Assignment 4: Persuasive Paper Part 2: Solution and Advantages

Running head: Should taxes on people making over $250,000 a year be changed? 0


Assignment 2:  Persuasive Paper Part 1: A Problem Exists 

Gregory Best

Dr. Roger Fontana

ENG 215

8/5/17

Should taxes on people making over $250,000 a year be changed?: Problem Identification and Proposed Solution

Income and wage inequalities are significantly higher in the United States than in other developed economies such as European nations Australia. The existence of this inequality gap has further broadened in the first periods as the country witnessed a sharp increase in wage inequality, while European nations have only seen modest changes (Guvenen, Kuruscu & Ozkan, 2013). Taxation policies have a major role to play in exploring and understanding these realities. Moreover, fiscal policies in the country have been less efficacious in reducing income inequality. For instance, the tax and transfer mechanisms reduced the average Gini (the dissimilarity between the Ginis for market and disposable incomes). The ineffectiveness of tax and fiscal policies in minimizing income inequality is representative of both low tax and spending levels and progressive tax and spending mix. Increasing taxes for those who earn $250,000 and beyond can be an effective way to reduce income inequality in the United States.
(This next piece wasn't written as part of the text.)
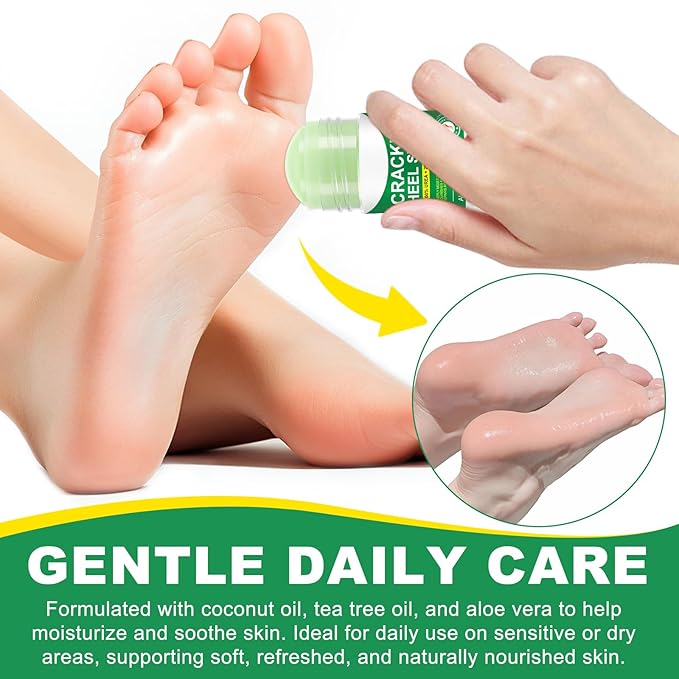 Heel Balm for Dry Cracked Feet (Aloe Vera), Urea Cream 60% Foot Balm Stick for Cracked Heel Repair - Moisturizes, Exfoliates, and Softens Dry, Thickened Skin, Callus Remover for Feet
Problem that Needs to be Addressed

Even during periods of economic prosperity, the United States still has a significant population of poor people. In such an affluent economy like the United States, poverty is still a permanent fixture. In order to understand the persistence of poverty, it is important to examine the present imbalances in income and wealth distribution, the structural and dominant cultural beliefs, and policies that are helpful in encouraging it (Coady & Gupta, 2012). One of the possible reasons why poverty is so persistent in the country is the ways in which income and wealth are distributed. The existence of a wide income gap between the richest and poorest segments of the populace has been significantly growing over the last ten years, though the recent recession might have reduced this pattern by a mere bite out of the sources of income that are present among the very wealthy, such as stock dividends and real estate.

One of the causes of income inequality is poor tax policies. For instance, those who earn more than $250000 pay proportionately less taxes than those who earn less than $250000. In addition, the average American company head earns more than ten million dollars annually, while some of the lowest paid individuals in an organization may go home with only $5000 a year. While policymakers may believe that personal efforts and hard work primarily determine the success of an individual, it is hard to believe that a company executive works over two hundred times harder than a casual or junior employee who assembles products and deals with consumers.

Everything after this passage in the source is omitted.